M50 Incidents Visualisation
I’m a big fan of https://www.thestory.ie/ and their dogged pursuit of information and accountability. Their archives are well worth a dig through, and through a lot of light on the poor state of open data, freedom of information and the general lacklustre approach to transparency and accountability by officialdom in Ireland.
There are plenty of examples of how the establishment thwarts accountability by simply ignoring FOI requests, stating that a search would be too onerous to complete (though if the information is on a database, anyone with a modicum of SQL knowledge would be able to extract the data), or even when an FOI request is honored, the data is released in a non-machine readable format such as pdf tables.

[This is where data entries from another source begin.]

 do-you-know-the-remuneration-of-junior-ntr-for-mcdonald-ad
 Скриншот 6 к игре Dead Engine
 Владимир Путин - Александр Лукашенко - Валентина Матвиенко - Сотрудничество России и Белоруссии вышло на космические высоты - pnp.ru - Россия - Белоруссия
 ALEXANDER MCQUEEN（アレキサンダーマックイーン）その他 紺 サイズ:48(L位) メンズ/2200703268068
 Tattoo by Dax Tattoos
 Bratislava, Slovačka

Most recently, thestory.ie published a dataset of incidents that occured on the M50, and since I have been on the lookout for some Irish data that has a spatio / temporal component, I am going to use it to produce some visualisations and interactive dashboards.
The link to this story is here and you can download the data from their repo here.
Preparation
The dataset is fairly simple and is a table of all incidents since the start of 2020 until a few months ago with some coded location information, an incident category and the time and duration of the incident. For this dataset, I am going to try and do most of the data preparation in QGIS.

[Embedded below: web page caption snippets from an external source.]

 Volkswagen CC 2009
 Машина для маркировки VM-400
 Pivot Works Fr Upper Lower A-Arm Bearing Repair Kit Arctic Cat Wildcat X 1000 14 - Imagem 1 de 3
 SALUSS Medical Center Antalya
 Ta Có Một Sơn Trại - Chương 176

Step 1 - Extracting the location from the Incident ID
The format of the IncidentID incorporates the location of the incident and the timestamp; M50-J14J15-200108-1346 . I imported the .xlxs sheet into a geopackage layer, then used the field calculator to create a new location field, overwriting the existing one which just has M50 for all rows. The formula used is as follows;
if( "Category" = 'None', NULL, substr( "Incident ID" , 5, length( "Incident ID") - 16))
This uses the fact that some incidents with a “None” category designation are weather events that effect the whole M50. There is no location specified in these cases, so I’ve used a NULL value in the column to represent this. Otherwise, I’m just using the substring function with a start value of 5, and a “length - 16” value for the search length as the non-location part of the input is fixed (M50- plus DATE-TIME).
Step 2 - Quality Control
Looking at the locations, most of them can be mapped to a single juntion (where only one junction is listed) or to a combination of junctions, which I take to mean the stretch of the M50 between the two mentioned junctions. There is also a direction field which will indicate which ramp or carriageway the accident occured on. I’ve very much simplified the location element by simply using the first junction mentioned as the location, as the system for extracting the exact location isn’t defined anywhere, and seems pretty complex.
There are a lot of locations that only apear seldomly, generally with an “A##” or “B##” extension. I have ignored these locations and removed them from the dataset for convenience.
To extract the duration of the incidents, I had to use some regular expressions within the QGIS feature editor, to extract the day, hour and minute elements, then pul them back together to get a minutes column:
regexp_substr( "Duration" , '^(\\d) days.*')
regexp_substr( "Duration" , '.*(\\d{1,2}):\\d\\d:\\d\\d')
regexp_substr( "Duration" , '.*(\\d\\d):\\d\\d$')
if("days" IS NULL, 0, "days") * 3600 + if("hours" IS NULL, 0, "hours") * 60 + if("minutes" IS NULL, 0, "minutes")
Step 3 - Visualisation
The dataset was exported as a geojson file, with CRS WGS84. Then I created a visualisation with Tableau, and uploaded it to Tableau Public. The geojson file itself can be downloaded here.